Neither he nor his father had seen his mother in person for four years. Victim of a degenerative mental and physical disease that often left her totally incommunicative, she had retired to her suite in the house with her medicines, her diagnostic computers, her cosmetics, her gravothermy and reading machines. She—or more often one of her androids programmed to her general response pattern—would appear in the viewing columns and present a semblance of her normal appearance and personality. In the same way, through android and telerama report, she “accompanied” Von Ray on his business travels, while her physical presence was confined in the masked, isolate chambers that no one was allowed to enter except the psychotechnician who came quietly once a month.

“They’re beautiful,” he repeated, stepping closer.

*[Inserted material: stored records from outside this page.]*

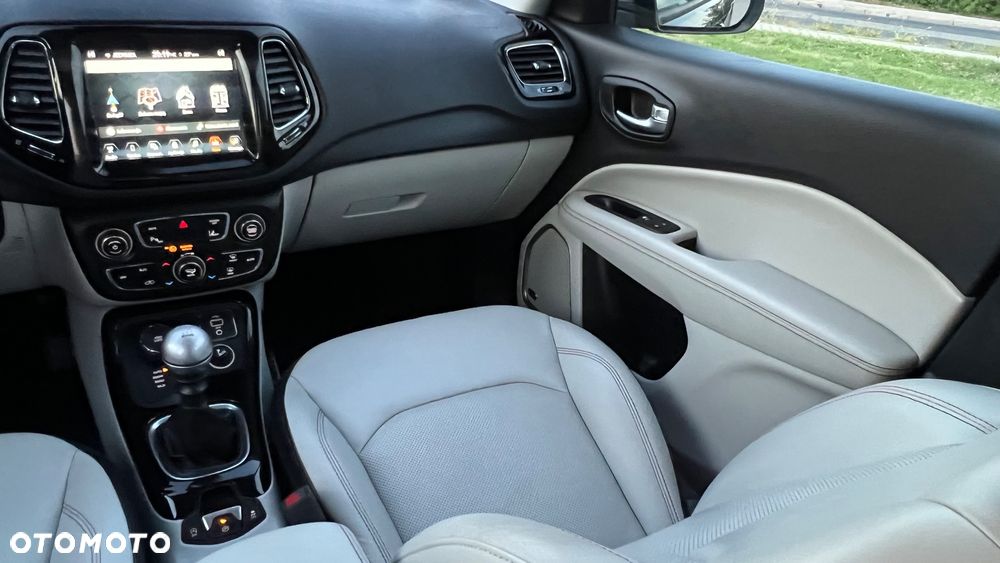 Jeep Compass 2.0 MultiJet Active Drive Limited - 25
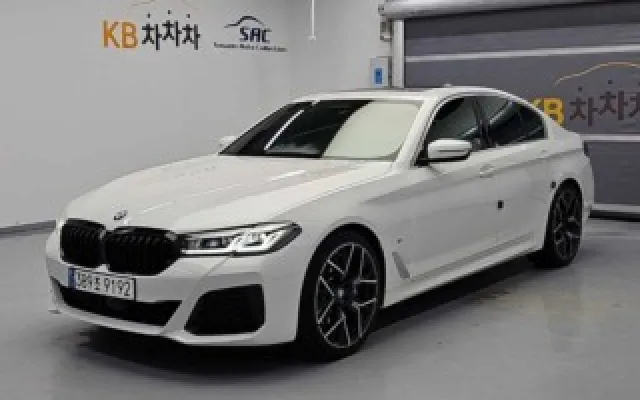 수원중고차시세표 5시리즈 (G30) 523d M 스포츠 매물 사진 4 - 2022/05 53,802km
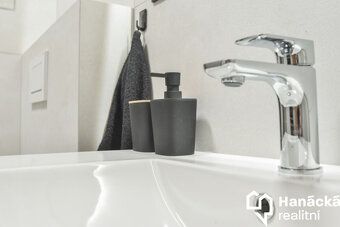 Nabízíme k pronájmu podkrovní byt v právě dokončeném projekt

“I’ll leave them in your room this evening.” She picked one up with dark fingers and turned it over. “I find them fascinating myself. Almost hypnotic.”

“Here.” Von Ray turned to one of the other columns. “I have something else to show you. Aaron had apparently heard of your interest in racing, and knew how well you were doing.” Something was forming in the second column. “Two of his engineers had just developed a new ion-coupler. They told us it was too sensitive for commercial use and wouldn’t be profitable for them to manufacture on any large scale. But Aaron said the response level would be excellent for small-scale racing craft. I offered to buy it for you. He wouldn’t hear of it; he’s sent it to you as a gift.”

“He did?” Lorq felt excitement lap above surprise. “Where is it?”

In the column a crate stood on the corner of a loading platform. The fence of Nea Limani Yacht Basin diminished in the distance between the guide towers. “Over at the field?” Lorq sat down in the green hammock hanging from the ceiling. “Good! I’ll look at it when I go down this evening. I still have to get a crew for the race.”

“You just pick your crew from people hanging around the spacefield?” Mother shook her head. “That always worries me.”

“Mom, people who like racing, kids who are interested in racing ships, people who know how to sail, they hang around the shipyards. I know half the people at Nea Limani anyway.”

“I still wish you’d get your crew from among your school friends, or people like that.”

“What wrong is with people who like this talk?” He smiled slightly.

“I didn’t say anything of that nature at all. I just meant you should use people you know.”

“After the race,” his father cut in, “what do you intend to do with the rest of your vacation?”

Lorq shrugged. “Do you want me to foreman out at the Sao Orini mine like last year?”

His father’s eyebrows separated then snarled over the vertical crevices above his nose. “After what happened with that miner’s daughter…?” The brows unsnarled again. “Do you want to go out there again?”

Lorq shrugged once more.

“Have you thought of anything that you’d like to do?” This from his mother.

“Ashton Clark will send me something. Right now I’ve got to go pick up my crew.” He stood up from the hammock. “Mom, thanks for the stones. We’ll talk about vacation when school is really over.”